Call ‘sex’ incident what it was
Regarding the article “Ex-UCF student sues, says school expelled him over sex allegations,” OrlandoSentinel.com, April 18: The Sentinel’s depiction of an alleged rape as sex is disappointing, especially because April is Sexual Assault Awareness Month. The article describes an incident of alleged sexual assault as two students drinking at a party “went back to the man’s offcampus apartment, where they had sex.”
The article examines the University of Central Florida’s decision to continue investigating sexual-assault accusations using the “preponderance of evidence” standard, rather than requiring victims to produce “clear and convincing evidence,” as is now permitted by the Department of Education’s reversal of Title IX guidelines. But the article calls preponderance of evidence a “lesser” standard.

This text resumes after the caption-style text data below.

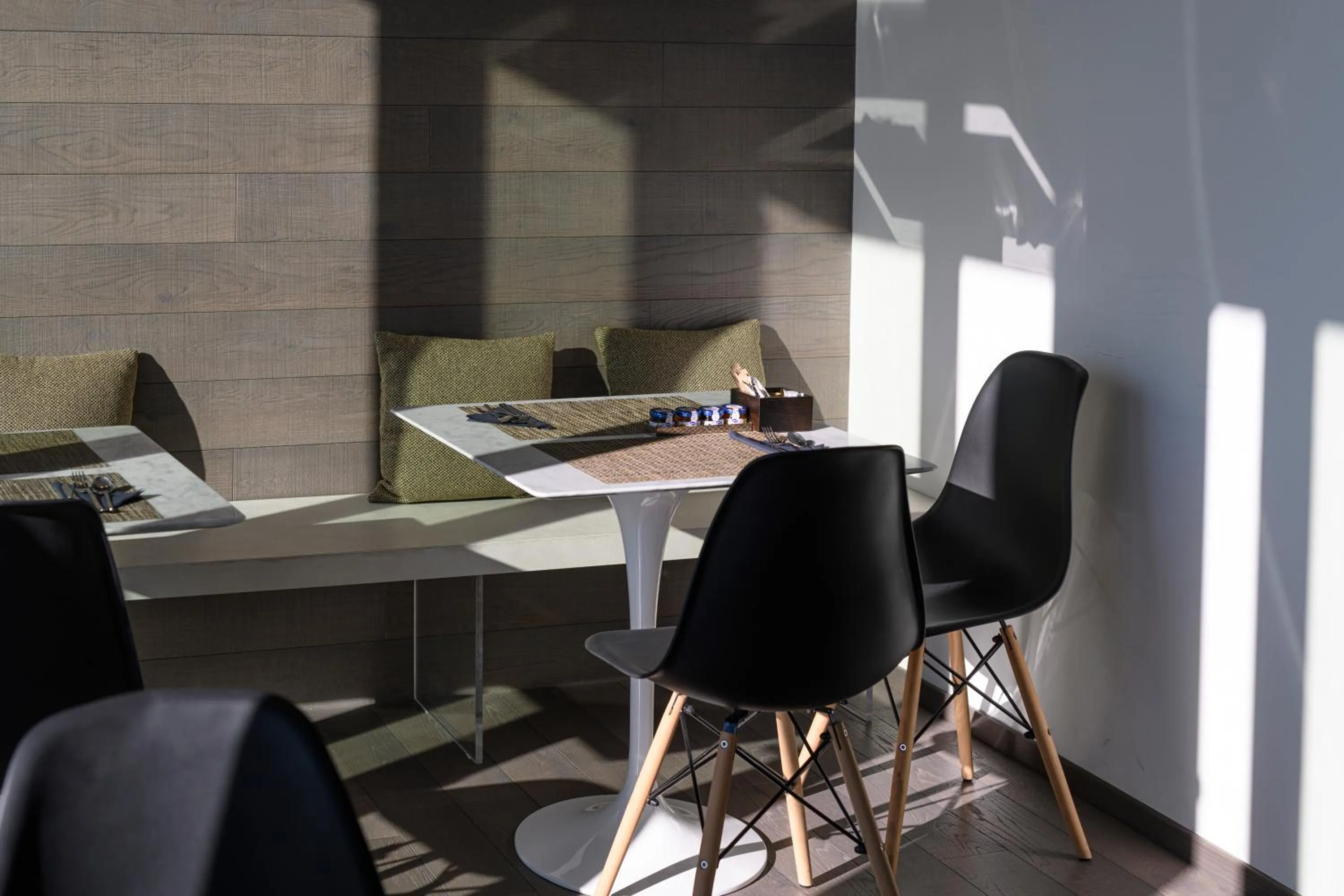 Restaurant/places to eat in B&B The Attico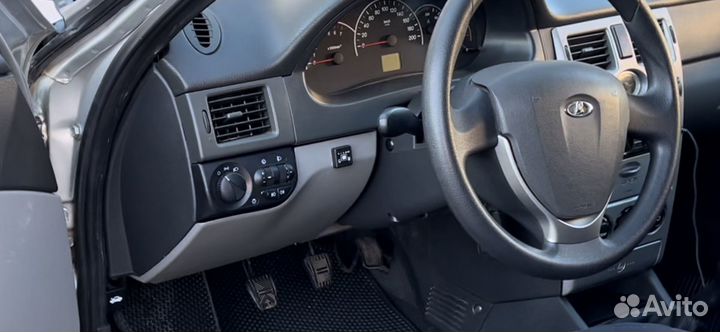 Бардачок крышка монтажного блока Приора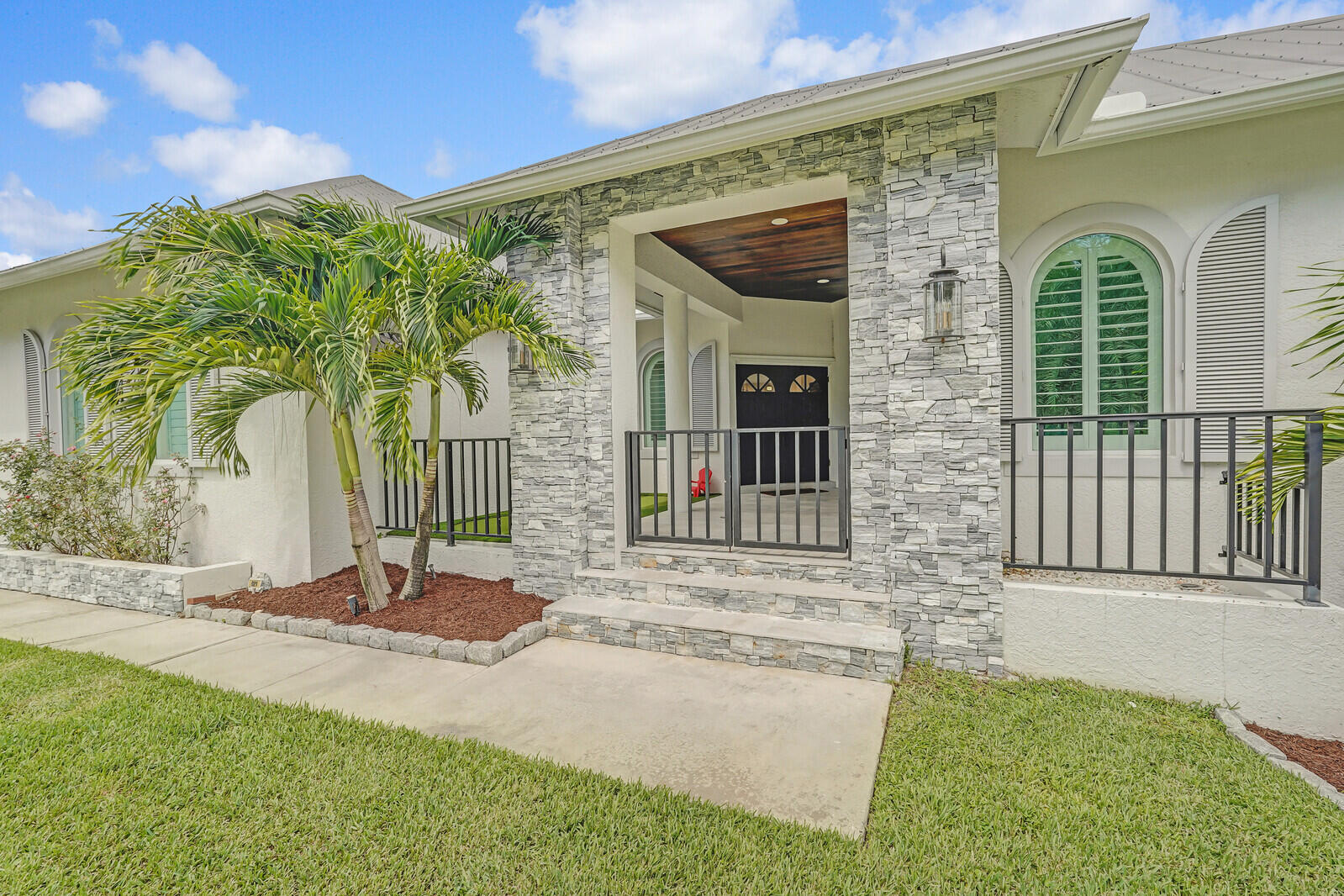 921 SW Pine Tree Lane, Palm City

It’s not lesser; it is the appropriate standard for noncriminal investigations, and the same standard schools use to enforce rules like Title VI, which prohibits race discrimination. To hold sexual-assault victims to a different standard than other victims would itself be discriminatory.
In a country where one in five college women experience sexual assault or attempted sexual assault; where only a fraction of those incidents are reported and even fewer investigated; and where people of all genders who report sexual violence are consistently doubted, blamed and re-traumatized by trying to hold attackers accountable; we applaud UCF for refusing to impose inappropriate burdens on survivors. We hope other schools follow suit.
We also hope the Sentinel will reconsider the way it writes about campus sexual violence. Delia Coleman director of strategic communications, Equal Rights Advocates, San Francisco, Calif.